▶ **What the task requires**
For this exercise, write out only the lines of the entries below from the one with "Casă individuală cu" up to and including the one with "2013 Hyundai Elantra", exactly as they are. Pictures stay out.

▶ **Listed records**
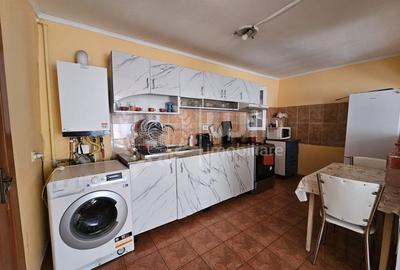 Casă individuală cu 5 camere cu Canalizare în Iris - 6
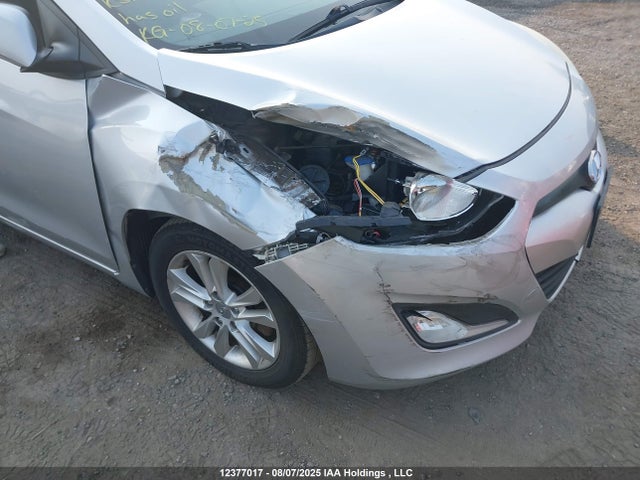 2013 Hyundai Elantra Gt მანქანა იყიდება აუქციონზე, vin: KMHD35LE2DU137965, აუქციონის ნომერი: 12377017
* * *
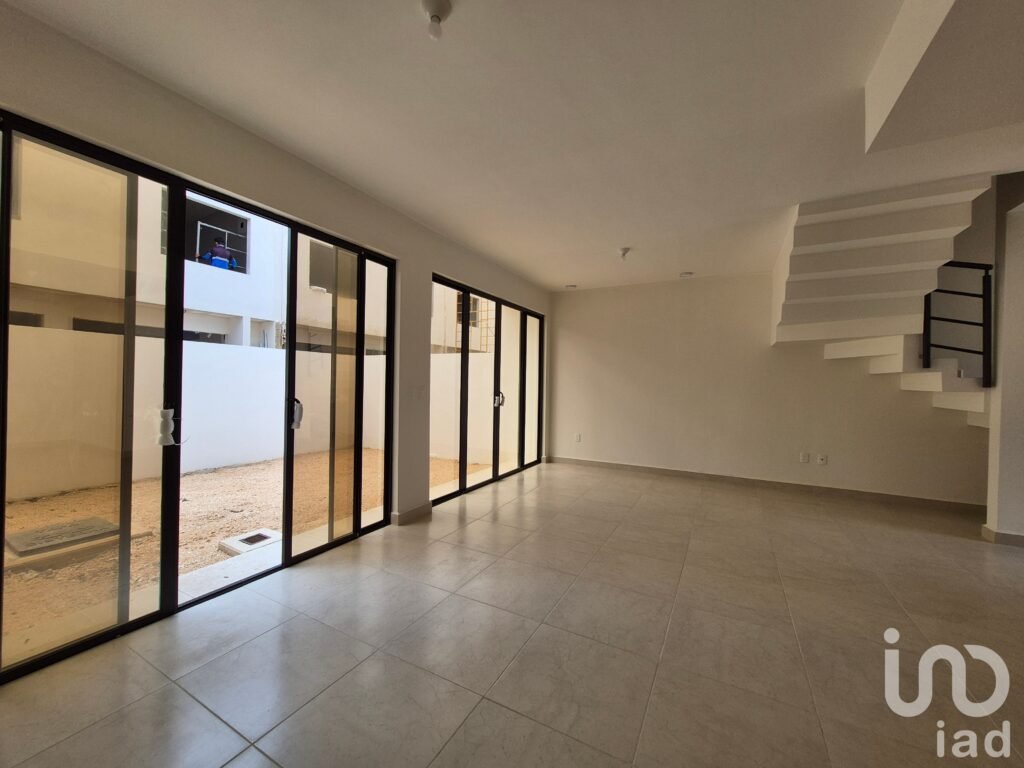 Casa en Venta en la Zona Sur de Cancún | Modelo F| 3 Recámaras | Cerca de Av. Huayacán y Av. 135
* * *
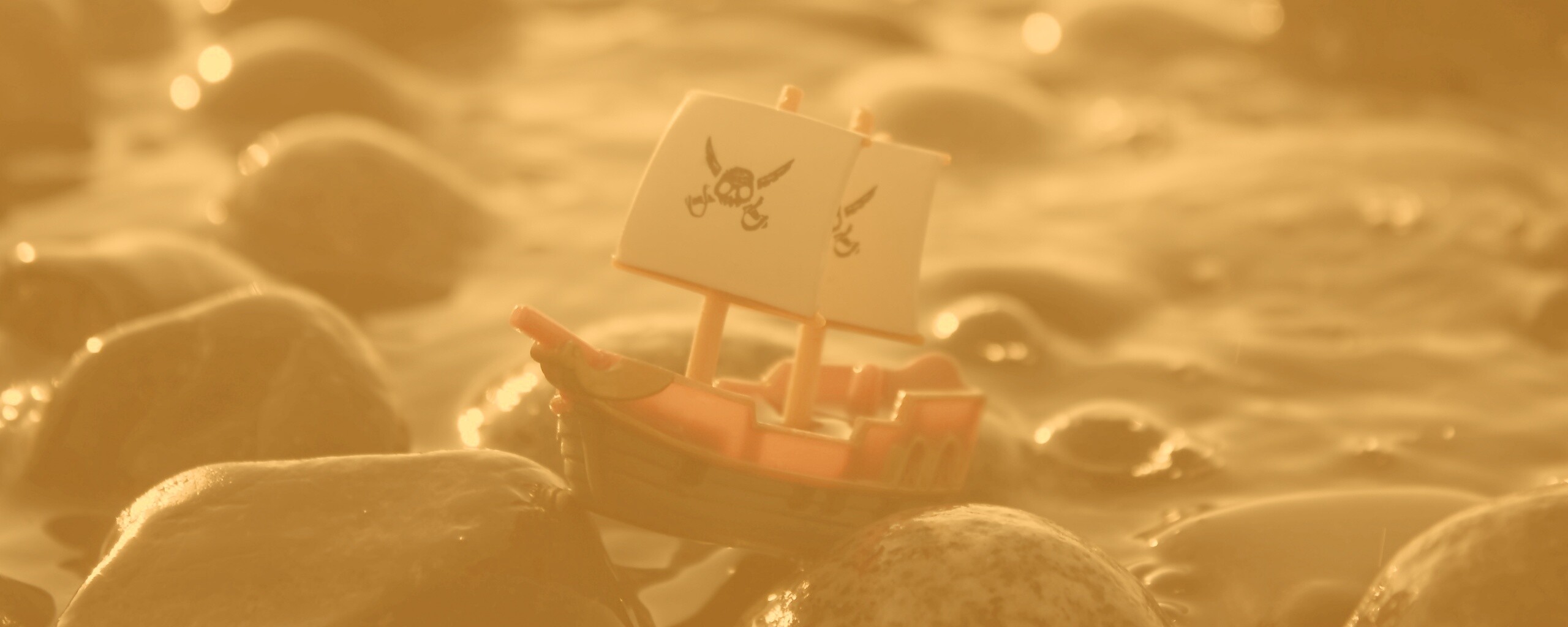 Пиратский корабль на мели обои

▶ **Your solution**
 Casă individuală cu 5 camere cu Canalizare în Iris - 6
 2013 Hyundai Elantra Gt მანქანა იყიდება აუქციონზე, vin: KMHD35LE2DU137965, აუქციონის ნომერი: 12377017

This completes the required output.